== YOUR TASK ==
A faithful copy is required: retype the records from their first line through the line with "bride and groom", and omit the pictures.

== Image-caption web data ==
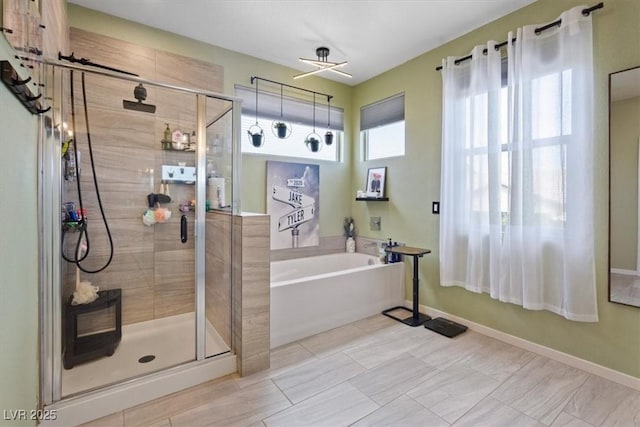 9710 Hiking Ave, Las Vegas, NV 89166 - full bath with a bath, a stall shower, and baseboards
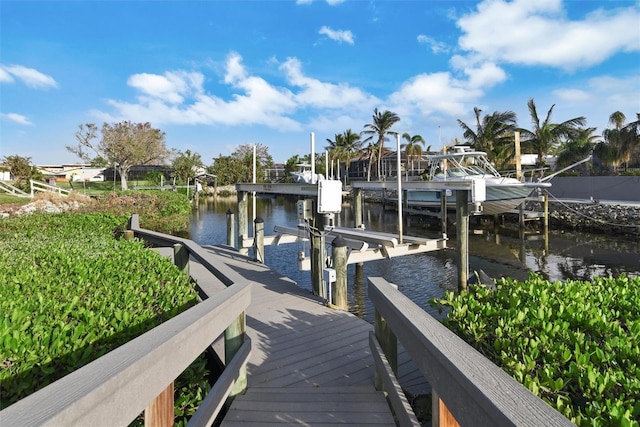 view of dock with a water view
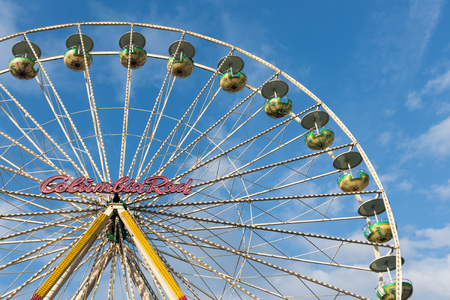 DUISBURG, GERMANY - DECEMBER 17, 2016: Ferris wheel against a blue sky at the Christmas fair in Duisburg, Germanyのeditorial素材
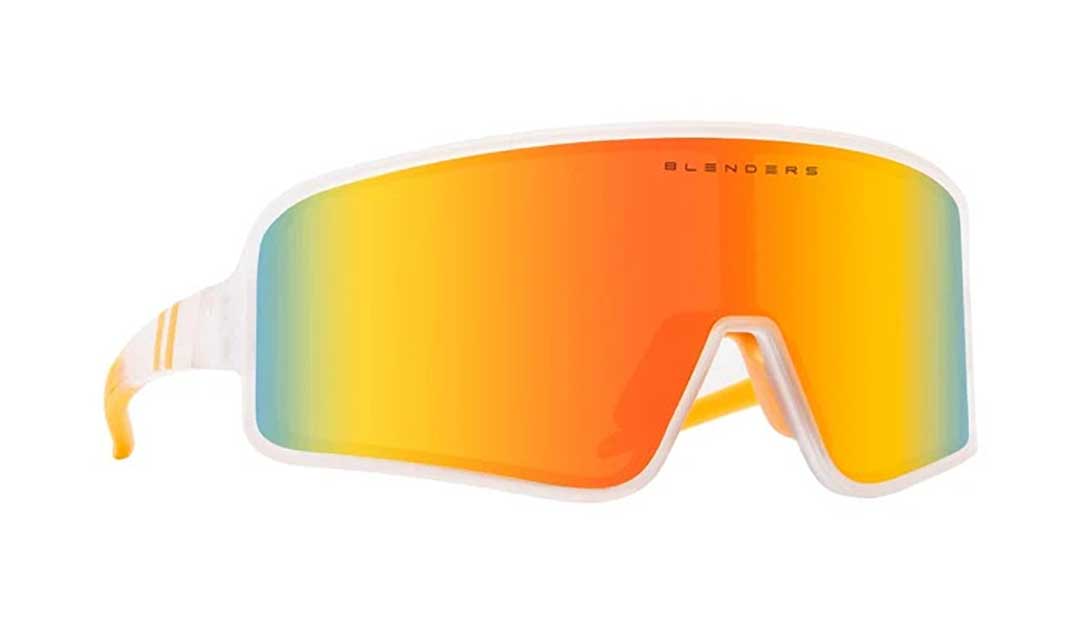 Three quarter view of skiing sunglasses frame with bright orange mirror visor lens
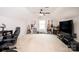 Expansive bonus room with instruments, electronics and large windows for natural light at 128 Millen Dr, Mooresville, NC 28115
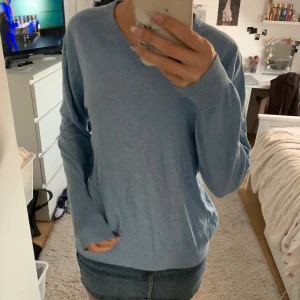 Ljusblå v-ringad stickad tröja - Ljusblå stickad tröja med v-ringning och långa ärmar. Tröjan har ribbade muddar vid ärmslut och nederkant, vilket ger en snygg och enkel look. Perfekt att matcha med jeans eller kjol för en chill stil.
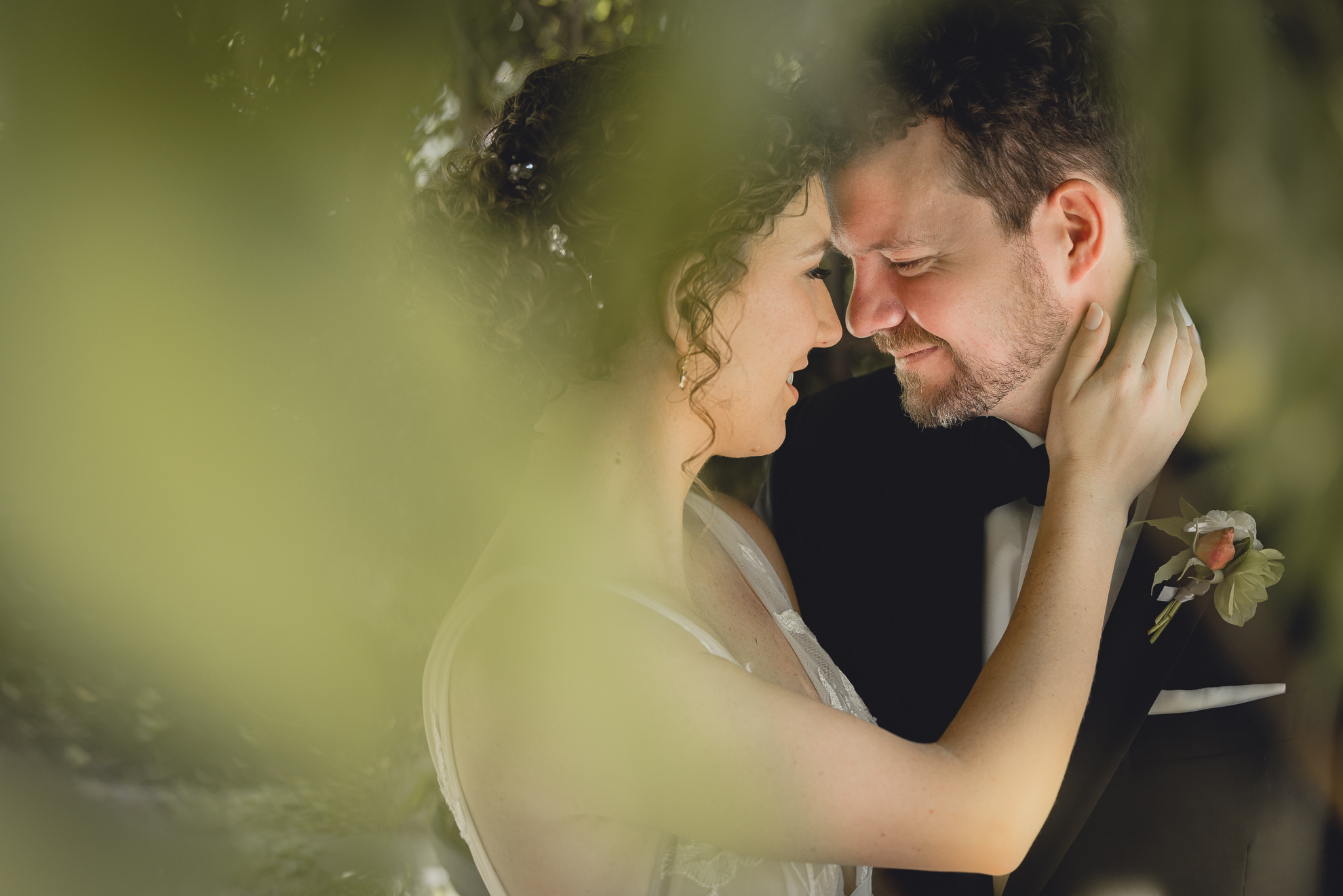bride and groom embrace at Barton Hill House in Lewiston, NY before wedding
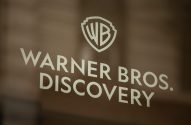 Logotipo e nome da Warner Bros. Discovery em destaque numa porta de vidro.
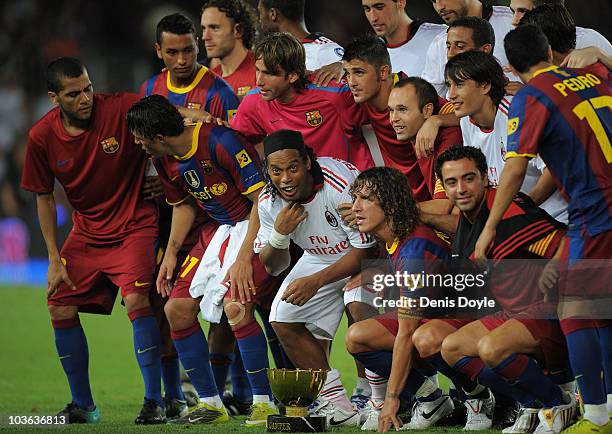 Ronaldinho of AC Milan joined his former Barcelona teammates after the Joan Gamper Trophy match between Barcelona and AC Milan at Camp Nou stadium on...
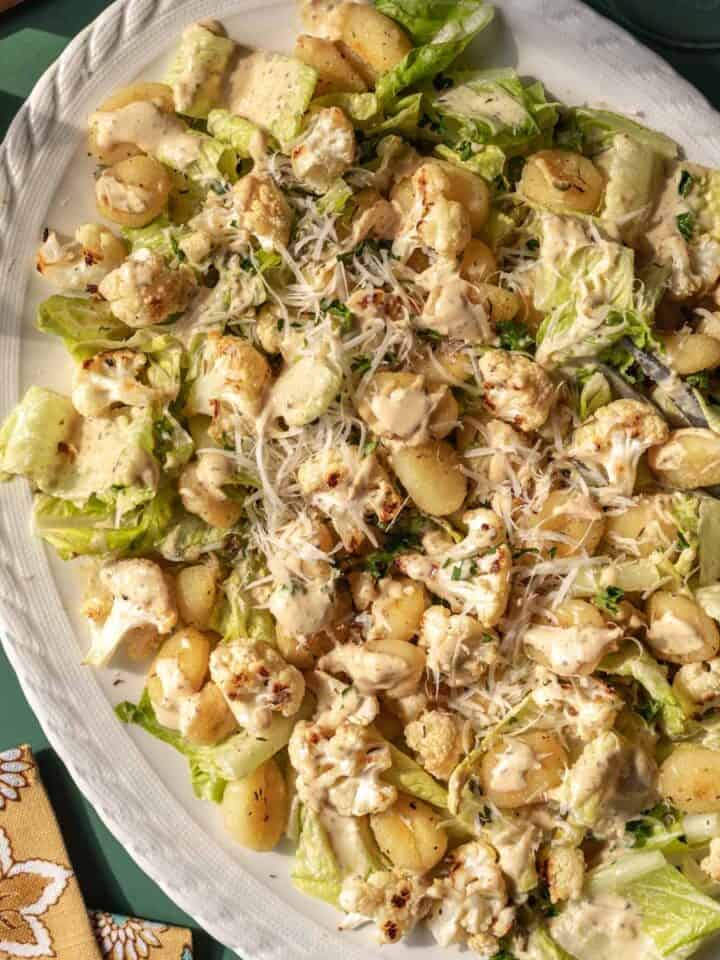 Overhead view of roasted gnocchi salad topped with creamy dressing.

== ANSWER SECTION ==
 9710 Hiking Ave, Las Vegas, NV 89166 - full bath with a bath, a stall shower, and baseboards
 view of dock with a water view
 DUISBURG, GERMANY - DECEMBER 17, 2016: Ferris wheel against a blue sky at the Christmas fair in Duisburg, Germanyのeditorial素材
 Three quarter view of skiing sunglasses frame with bright orange mirror visor lens
 Expansive bonus room with instruments, electronics and large windows for natural light at 128 Millen Dr, Mooresville, NC 28115
 Ljusblå v-ringad stickad tröja - Ljusblå stickad tröja med v-ringning och långa ärmar. Tröjan har ribbade muddar vid ärmslut och nederkant, vilket ger en snygg och enkel look. Perfekt att matcha med jeans eller kjol för en chill stil.
bride and groom embrace at Barton Hill House in Lewiston, NY before wedding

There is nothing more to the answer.